### TASK DESCRIPTION
If a record holds a picture, omit the picture, but copy everything else below exactly.

### EXERCISE DATA
* * *

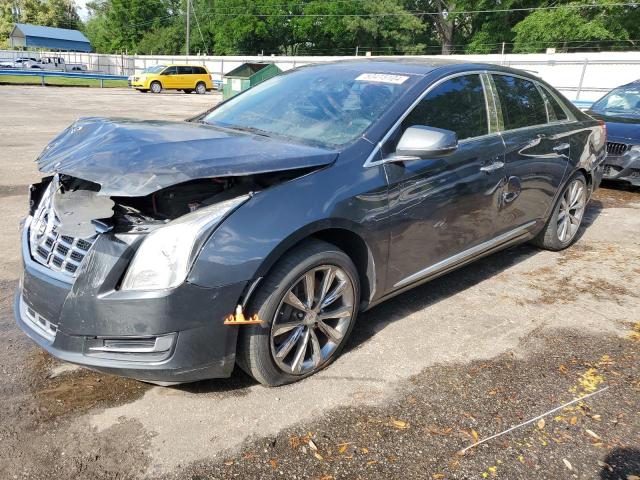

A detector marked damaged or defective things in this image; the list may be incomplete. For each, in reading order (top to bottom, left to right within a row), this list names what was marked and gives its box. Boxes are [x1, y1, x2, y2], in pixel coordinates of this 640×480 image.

crumpled front bumper [15, 219, 245, 384]
crushed hood [37, 117, 338, 196]
damaged gray cadillac xts [13, 60, 604, 386]
crumpled front bumper [604, 146, 640, 186]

* * *

### FINISHED TASK
A detector marked damaged or defective things in this image; the list may be incomplete. For each, in reading order (top to bottom, left to right within a row), this list names what was marked and gives its box. Boxes are [x1, y1, x2, y2], in pixel coordinates of this 640×480 image.

crumpled front bumper [15, 219, 245, 384]
crushed hood [37, 117, 338, 196]
damaged gray cadillac xts [13, 60, 604, 386]
crumpled front bumper [604, 146, 640, 186]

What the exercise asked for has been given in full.